■ **Brief**: Given the records below, the lines starting at the line with "Abschied Doris Freudenberg" and ending at the line with "Foto: Ev.-luth. Kirchenkreis Peine" should be output exactly, both end lines kept and pictures left out.

■ **Supplied information**:
══════════════════════════════

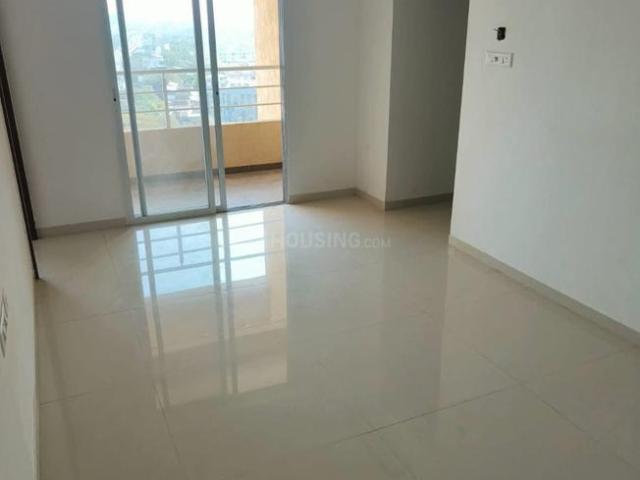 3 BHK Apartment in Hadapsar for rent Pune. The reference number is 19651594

══════════════════════════════

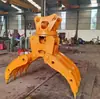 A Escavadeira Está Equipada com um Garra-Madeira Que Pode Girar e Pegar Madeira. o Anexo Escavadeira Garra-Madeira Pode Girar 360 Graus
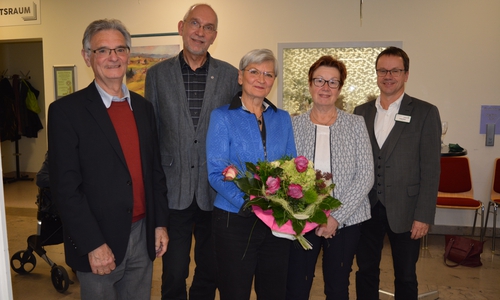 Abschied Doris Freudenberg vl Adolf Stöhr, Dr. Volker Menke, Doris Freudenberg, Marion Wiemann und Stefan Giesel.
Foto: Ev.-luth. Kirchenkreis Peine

══════════════════════════════

■ **Worked solution**:
 Abschied Doris Freudenberg vl Adolf Stöhr, Dr. Volker Menke, Doris Freudenberg, Marion Wiemann und Stefan Giesel.
Foto: Ev.-luth. Kirchenkreis Peine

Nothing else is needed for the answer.